REPUBLIKA.CO.ID, BANDUNG--Universitas Islam Bandung (Unisba) menjadi tuan rumah Temu Ilmiah Nasional ke-14 Asosiasi Psikologi Forensik (APSIFOR), di Aula Utama Kampus Unisba, akhir pekan lalu. Lebih dari 100 peserta hadir untuk membahas peran psikologi forensik dalam sistem hukum nasional yang tengah memasuki fase pembaruan besar.
Dalam sambutannya, Rektor Unisba, Prof. Ir. A. Harits Nu’man, M.T., Ph.D., IPU., ASEAN Eng. mengatakan, sistem hukum Indonesia tengah berada di masa transisi penting menyusul implementasi KUHP Nasional.
“Penegakan hukum bukan hanya soal benar atau salah secara legal, tetapi juga soal memahami manusia secara utuh, seperti pikiran, emosi, motif, dan kondisi sosialnya,” ujar Prof Harits.

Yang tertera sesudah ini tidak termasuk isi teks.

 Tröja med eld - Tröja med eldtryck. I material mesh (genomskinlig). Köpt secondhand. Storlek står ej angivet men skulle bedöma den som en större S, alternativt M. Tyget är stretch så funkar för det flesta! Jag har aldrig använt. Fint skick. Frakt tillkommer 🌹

Prof Harits mengatakan, psikologi forensik menjadi jembatan yang mempertemukan pendekatan hukum dengan nilai-nilai kemanusiaan, terutama saat negara memasuki era hukum berbasis keadilan restoratif. Menurutnya, keterlibatan psikolog forensik dapat memperkuat integritas sistem peradilan.
Ia juga mengajak seluruh akademisi dan praktisi untuk meningkatkan kompetensi forensik, memperkuat integrasi etika, serta membangun jejaring nasional. “Unisba berkomitmen menghadirkan pengetahuan dan profesional yang tidak hanya cerdas, tetapi juga membawa nilai kemaslahatan dan keadilan,” katanya.
Dekan Fakultas Psikologi Unisba, Dr. Dewi Sartika, M.Si., Psikolog, mengatakan, perubahan sistem hukum nasional menuntut peran psikologi yang lebih besar dalam proses penegakan hukum. “Psikologi forensik membantu aparat penegak hukum memahami motif, kondisi mental, dan konteks psikologis dari pelaku, korban, maupun saksi,” katanya.
Ia menilai forum Temilnas menjadi ruang strategis untuk melahirkan rekomendasi ilmiah yang dapat memperkuat kebijakan hukum nasional. Dewi juga menekankan pentingnya kolaborasi lintas disiplin agar sistem hukum Indonesia lebih manusiawi dan berintegritas. “Kolaborasi psikologi dan hukum bukan lagi pilihan, tetapi kebutuhan,” kata Dewi.
Keynote speech disampaikan oleh Asep Nana Mulyana, Jaksa Agung Muda Tindak Pidana Umum, yang diwakili oleh Wakil Ketua Kejaksaan Tinggi Jawa Barat, Dr. Taufan Zakaria, SH., MH. Ia memaparkan tantangan besar dalam integrasi psikologi forensik ke dalam sistem hukum Indonesia.
“Psikolog baru bisa masuk ke perkara jika diminta penyidik, jaksa, atau hakim. Padahal peran mereka sangat strategis sejak tahap awal penyidikan,” katanya.
Asep Mulyana menyoroti perlunya standar nasional bagi psikolog forensik agar kesaksian dan asesmen mereka diterima secara konsisten di pengadilan. Ia juga menilai kolaborasi dengan universitas sangat penting. “Psikologi forensik hadir di setiap lini proses hukum. Mulai dari investigasi hingga rehabilitasi. Sistem hukum kita akan lebih manusiawi bila mengintegrasikan keilmuan ini,” katanya.
Asep mengingatkan bahwa banyak perkara kriminal seperti kekerasan seksual, pembunuhan berencana, dan radikalisme membutuhkan perspektif psikologis yang kuat untuk interpretasi perilaku.
Temilnas XIV APSIFOR di Unisba tidak hanya menjadi ajang berbagi ilmu, tetapi juga momentum penting untuk membangun arah baru psikologi forensik Indonesia. Dengan hadirnya para akademisi, aparat hukum, dan profesional lintas bidang, kegiatan ini menjadi tonggak untuk memperkuat integrasi antara ilmu psikologi dan sistem hukum nasional.